Como causas deste insucesso, o documento fala numa transposição tardia da legislação pela maioria dos países e alerta para uma deficiente divulgação das regras para os cidadãos poderem beneficiar de cuidados de saúde no estrangeiro. Por outro lado, o relatório considera que “há um número considerável de Estados-membros em que os obstáculos colocados aos doentes pelos sistemas de saúde são significativos, e que, em alguns casos, pelo menos, parecem ser o resultado de escolhas políticas intencionais: alguns dos atuais sistemas de autorização prévia são mais extensos do que o actual número de pedidos parece justificar”.

As autorizações prévias para a realização dos tratamentos que exijam, por exemplo, uma noite de internamento são pedidas por muitos países e encaradas como um entrave pela comissão. “As tarifas de reembolso mais baixas do que as utilizadas no Estado-membro de origem são um mecanismo claro de dissuasão; há uma série de exigências administrativas excessivas, que podem igualmente dissuadir os doentes”, reitera o relatório.

Um ano depois de a legislação estar em vigor em Portugal, como o PÚBLICO já tinha noticiado, nenhum português conseguiu ainda ser reembolsado por tratamentos programados de saúde, como cirurgias e exames, realizados no estrangeiro. Desde Setembro de 2014, altura em que a legislação que prevê esta possibilidade entrou em vigor, a Administração Central do Sistema de Saúde (ACSS) recebeu apenas seis pedidos de reembolso e dois pedidos de autorização prévia cuidados de saúde noutro país da União Europeia (UE).
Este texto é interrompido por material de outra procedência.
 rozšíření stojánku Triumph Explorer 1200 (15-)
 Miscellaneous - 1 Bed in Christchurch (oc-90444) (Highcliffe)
Até ao final de Agosto, nenhum tinha sido aprovado e continuavam todos em avaliação.

A lei prevê que o Estado português reembolse um doente tratado noutro país da União Europeia caso não lhe consiga dar resposta em tempo útil – o que significa, na prática, que um doente em lista de espera que ultrapasse o prazo máximo previsto no Serviço Nacional de Saúde (SNS) para um exame de diagnóstico ou uma cirurgia possa ser observado ou operado noutro país da UE. Os modelos de requerimento de pedidos de reembolso e de autorização prévia estão disponíveis no Portal do Utente. Segundo a lei, o reembolso das despesas deve ser efectuado até três meses depois da apresentação dos comprovativos.

Além de os portugueses só poderem optar por tratar-se no estrangeiro com comparticipação se estiverem a aguardar há mais tempo do que o máximo previsto na legislação nacional, há um problema suplementar: as despesas de transporte e de alojamento são suportadas pelo doente e o tratamento é pago posteriormente mas apenas no valor estipulado na tabela de preços do SNS, o que, desde logo, limita o acesso a pessoas com mais rendimentos.

Aprovada em Março de 2011, a directiva de cuidados de saúde transfronteiriços foi transposta com um ano e meio de atraso por Portugal e criou muitos limites ao estipular os tratamentos que necessitam de autorização prévia, sob pena de os doentes não receberem mais tarde o reembolso pelas despesas. Em teoria, a autorização deve demorar, no máximo, 20 dias úteis.